WORK REQUEST: Set down, exactly as written, the line containing "Scialle con maniche" and all the lines that follow it to the end of the entries below, omitting every picture.

ENTRIES SHOWN:
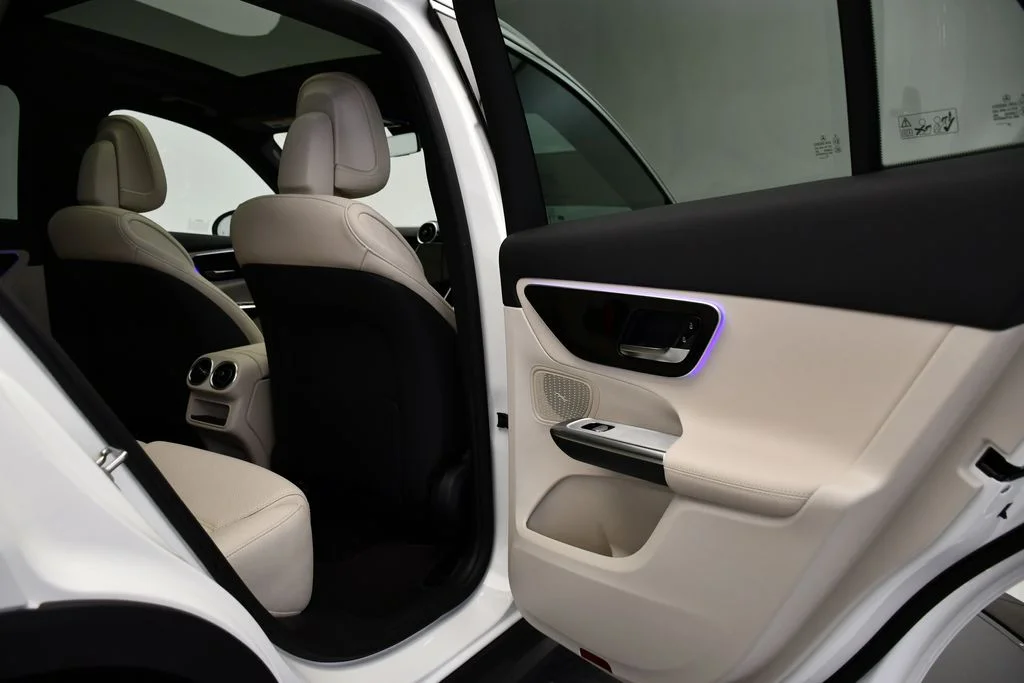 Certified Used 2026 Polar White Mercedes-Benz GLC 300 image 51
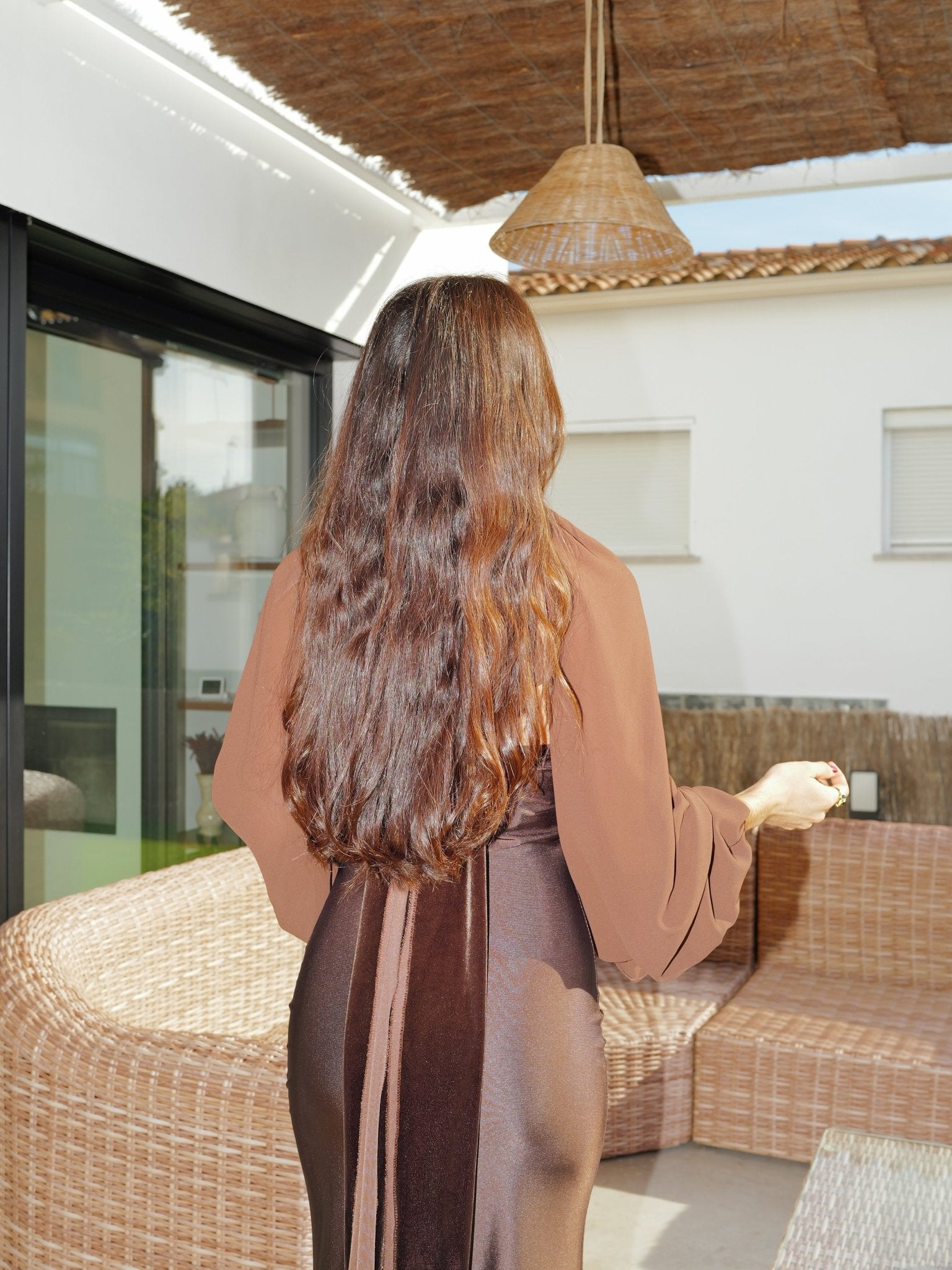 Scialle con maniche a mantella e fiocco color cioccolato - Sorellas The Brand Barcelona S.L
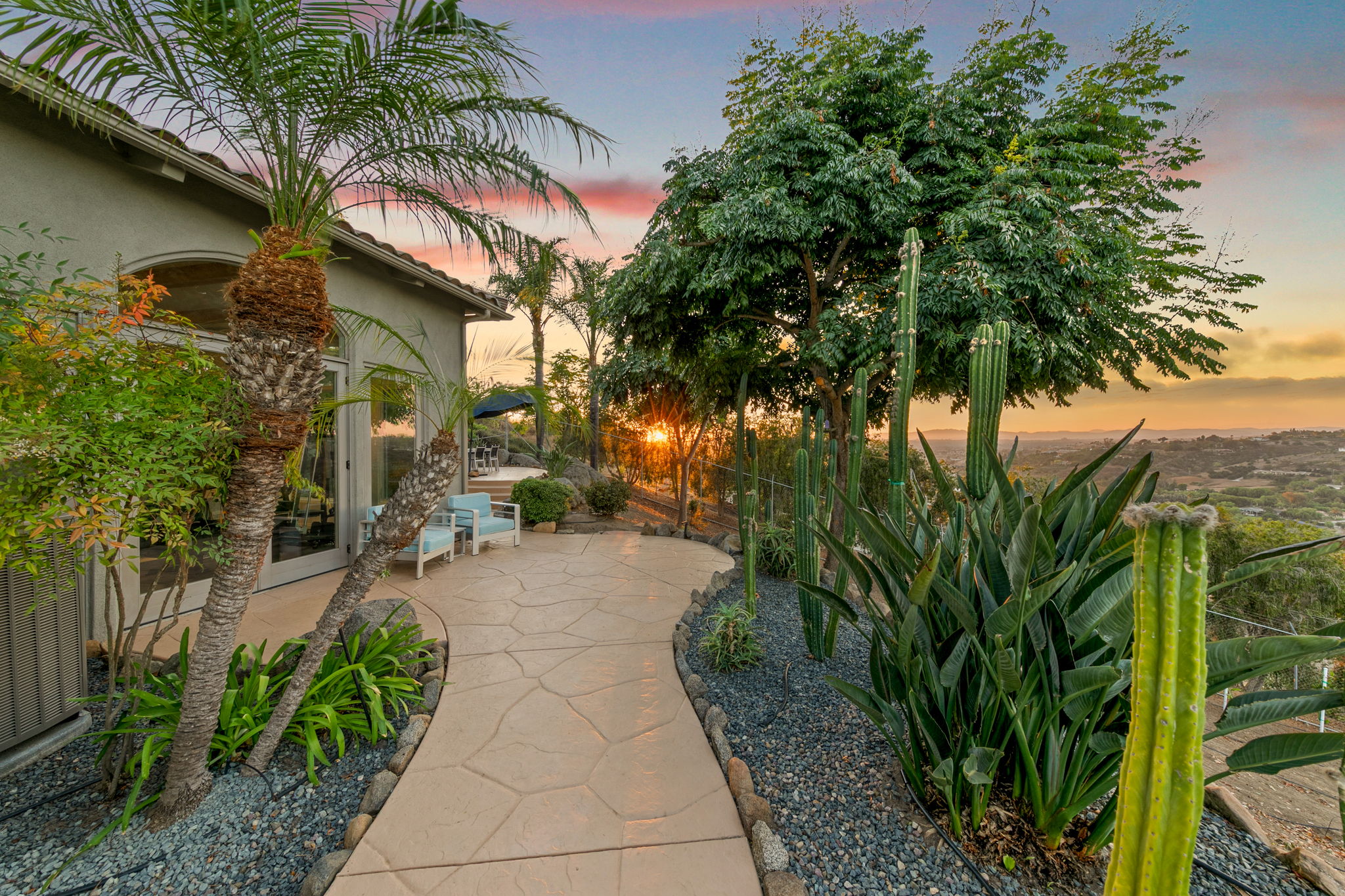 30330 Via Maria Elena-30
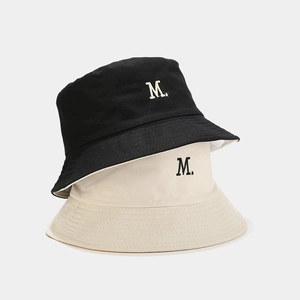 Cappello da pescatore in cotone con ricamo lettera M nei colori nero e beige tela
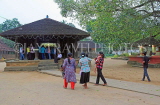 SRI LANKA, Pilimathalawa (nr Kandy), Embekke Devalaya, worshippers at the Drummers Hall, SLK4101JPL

YOUR RESPONSE:
 Scialle con maniche a mantella e fiocco color cioccolato - Sorellas The Brand Barcelona S.L
 30330 Via Maria Elena-30
 Cappello da pescatore in cotone con ricamo lettera M nei colori nero e beige tela
 SRI LANKA, Pilimathalawa (nr Kandy), Embekke Devalaya, worshippers at the Drummers Hall, SLK4101JPL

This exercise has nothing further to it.